Attached patch adds a new function to the pageinspect extension for measuring total free space, in either tables or indexes. It returns the free space as a percentage, so higher numbers mean more bloat. After trying a couple of ways to quantify it, I've found this particular measure correlates well with the nastiest bloat issues I've ran into in production recently. For example, an index that had swelled to over 5X its original size due to autovacuum issues registered at 0.86 on this scale. I could easily see people putting an alert at something like 0.40 and picking candidates to reindex based on it triggering. That would be about a million times smarter than how I've been muddling through this class of problems so far.

Code by Jaime Casanova, based on a prototype by me.
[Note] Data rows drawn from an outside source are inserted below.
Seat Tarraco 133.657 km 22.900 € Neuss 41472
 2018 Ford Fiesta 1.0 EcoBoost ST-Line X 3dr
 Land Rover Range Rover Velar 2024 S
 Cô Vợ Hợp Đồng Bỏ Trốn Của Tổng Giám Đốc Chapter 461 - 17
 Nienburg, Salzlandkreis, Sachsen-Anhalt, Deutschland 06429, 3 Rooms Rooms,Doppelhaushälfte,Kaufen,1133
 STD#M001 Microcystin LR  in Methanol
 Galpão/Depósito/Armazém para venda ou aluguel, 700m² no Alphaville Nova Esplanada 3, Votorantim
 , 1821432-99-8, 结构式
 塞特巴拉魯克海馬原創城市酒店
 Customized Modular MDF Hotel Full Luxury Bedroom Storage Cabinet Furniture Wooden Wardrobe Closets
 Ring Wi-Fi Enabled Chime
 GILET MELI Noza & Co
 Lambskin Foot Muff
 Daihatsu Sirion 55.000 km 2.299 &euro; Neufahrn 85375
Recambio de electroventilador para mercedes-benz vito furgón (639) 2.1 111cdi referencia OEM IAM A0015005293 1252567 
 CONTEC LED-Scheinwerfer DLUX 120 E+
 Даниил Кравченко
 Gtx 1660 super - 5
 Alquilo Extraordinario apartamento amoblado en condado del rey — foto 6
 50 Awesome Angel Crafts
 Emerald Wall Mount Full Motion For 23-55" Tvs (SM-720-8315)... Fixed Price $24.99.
Thanks to attendees and sponsors of the PgWest conference for helping to fund some deeper exploration of this idea.

Here's a test case showing it in action:

create extension pageinspect;
create table t (k serial,v integer);
insert into t(v) (select generate_series(1,100000));
create index t_idx on t(k);
delete from t where k<50000;
vacuum t;

gsmith=# select relation_free_space('t');
 relation_free_space
---------------------
            0.445466

gsmith=# select relation_free_space('t_idx');
 relation_free_space
---------------------
            0.550946

Some open questions in my mind:

-Given this is doing a full table scan, should it hook into a ring buffer to keep from trashing the buffer cache? Or might it loop over the relation in a different way all together? I was thinking about eyeing the FSM instead at one point, didn't explore that yet. There's certainly a few ways to approach this, we just aimed at the easiest way to get a working starter implementation, and associated results to compare others against.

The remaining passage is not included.